▶ WHAT THIS TASK INVOLVES
Output each entry that follows exactly. Images stay out.

▶ EXTRACTED RECORDS
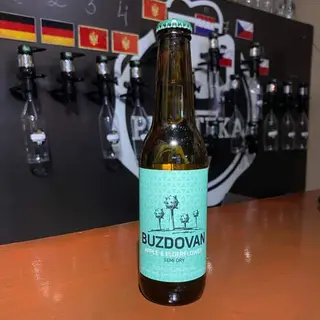 Buzdovan apple i elderflower semi dry 0,33 Lit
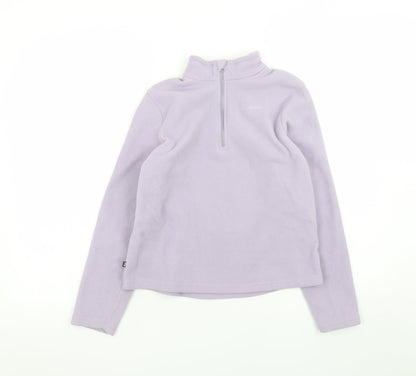 Decathlon Girls Purple Fleece Pullover Sweatshirt 10-11 Years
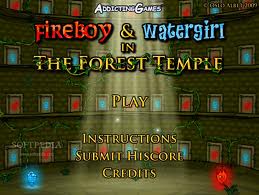 Fireboy And Watergirl Forest Temple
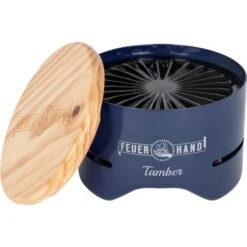 Feuerhand Tisch-Holzkohlegrill Tamber, Cobalt Blue
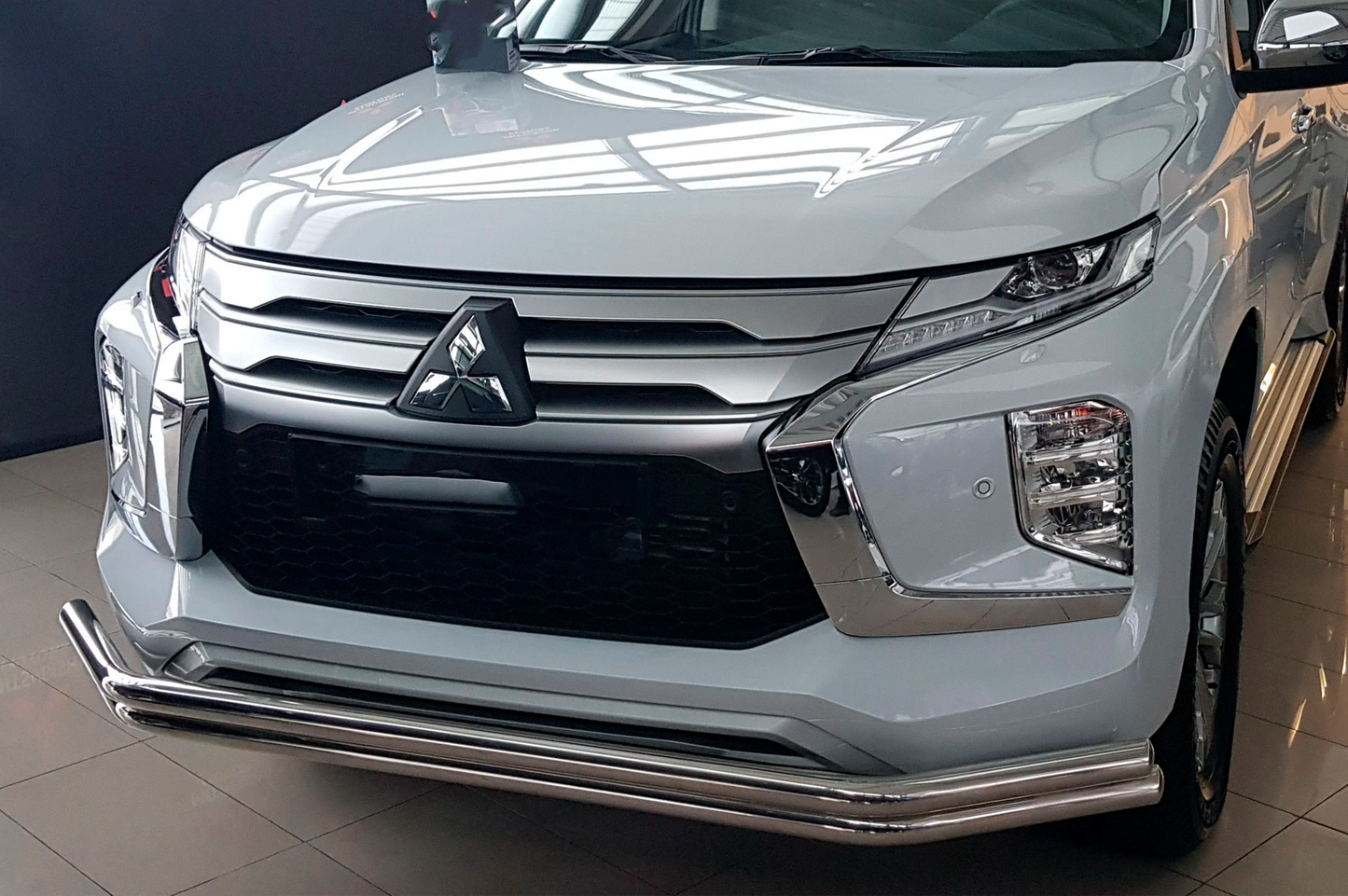 Front Bar F3-60 (2020+, Stainless Steel) for Mitsubishi Pajero Sport 2015- - image 1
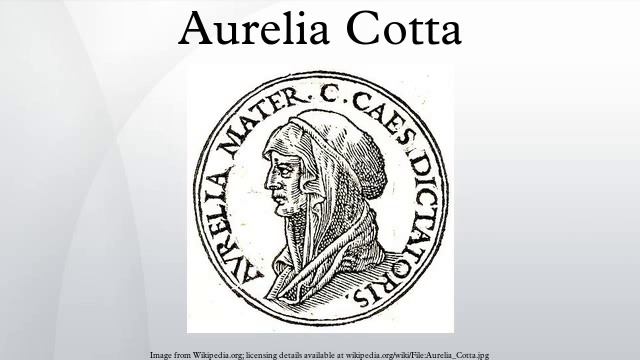Aurelia Cotta смотреть онлайн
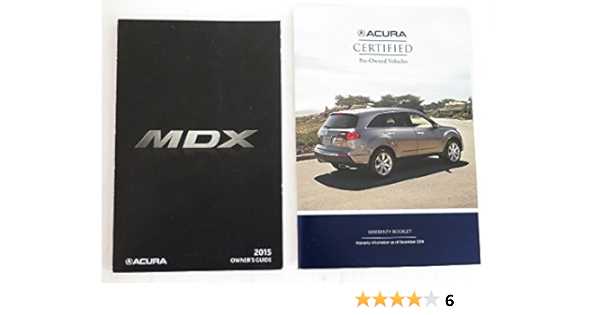 2015 acura mdx owners manual
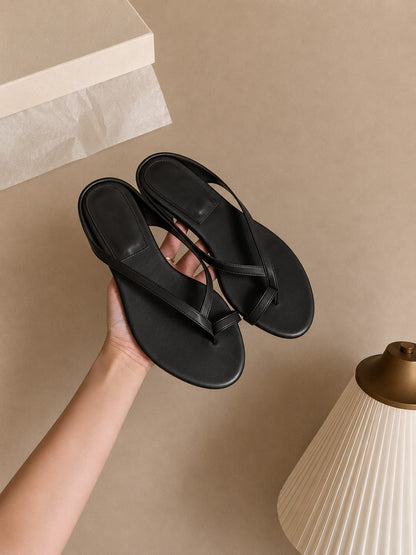 Sandalias Planas Tipo Flip-Flop Azul Claro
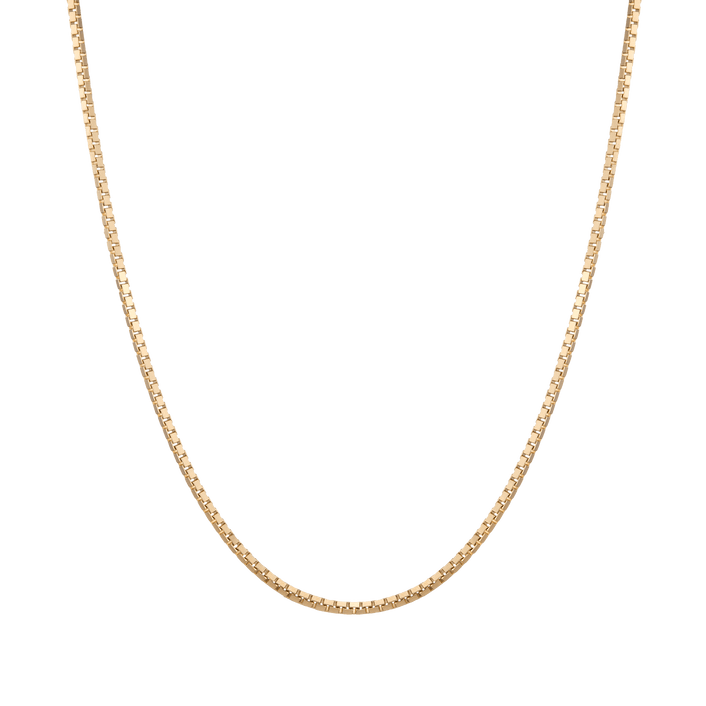 Medium Box Chain Vermeil 14K 18K Yellow Gold First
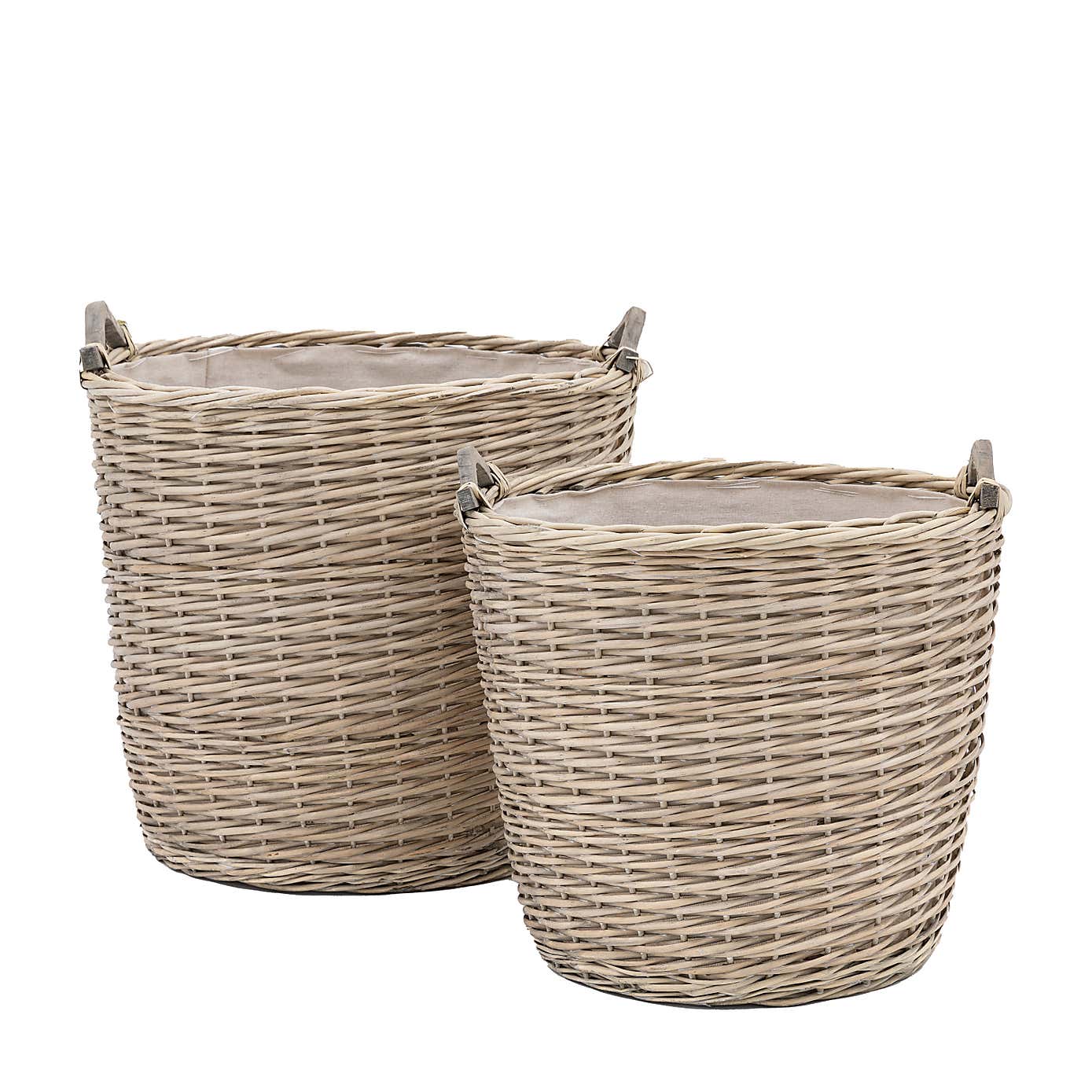 Set of 2 Dara Jumbo Storage Baskets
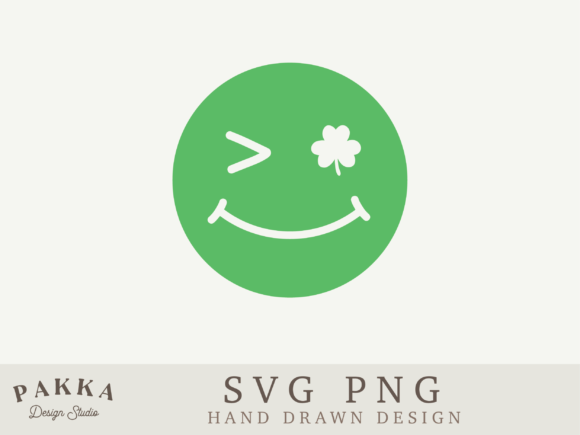 Smiley with Shamrock Eyes: A Unique Graphics Asset for Crafts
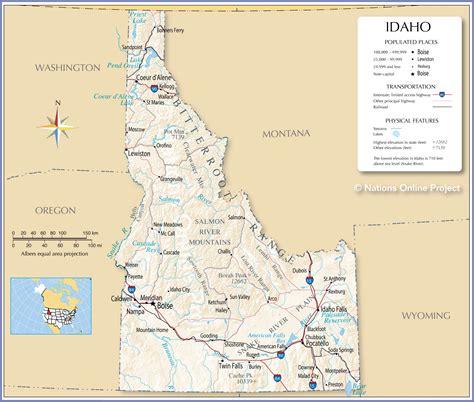 Idaho Map Of Cities And Towns - Map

▶ RESPONSE
 Buzdovan apple i elderflower semi dry 0,33 Lit
 Decathlon Girls Purple Fleece Pullover Sweatshirt 10-11 Years
 Fireboy And Watergirl Forest Temple
 Feuerhand Tisch-Holzkohlegrill Tamber, Cobalt Blue
 Front Bar F3-60 (2020+, Stainless Steel) for Mitsubishi Pajero Sport 2015- - image 1
Aurelia Cotta смотреть онлайн
 2015 acura mdx owners manual
 Sandalias Planas Tipo Flip-Flop Azul Claro
 Medium Box Chain Vermeil 14K 18K Yellow Gold First
 Set of 2 Dara Jumbo Storage Baskets
 Smiley with Shamrock Eyes: A Unique Graphics Asset for Crafts
 Idaho Map Of Cities And Towns - Map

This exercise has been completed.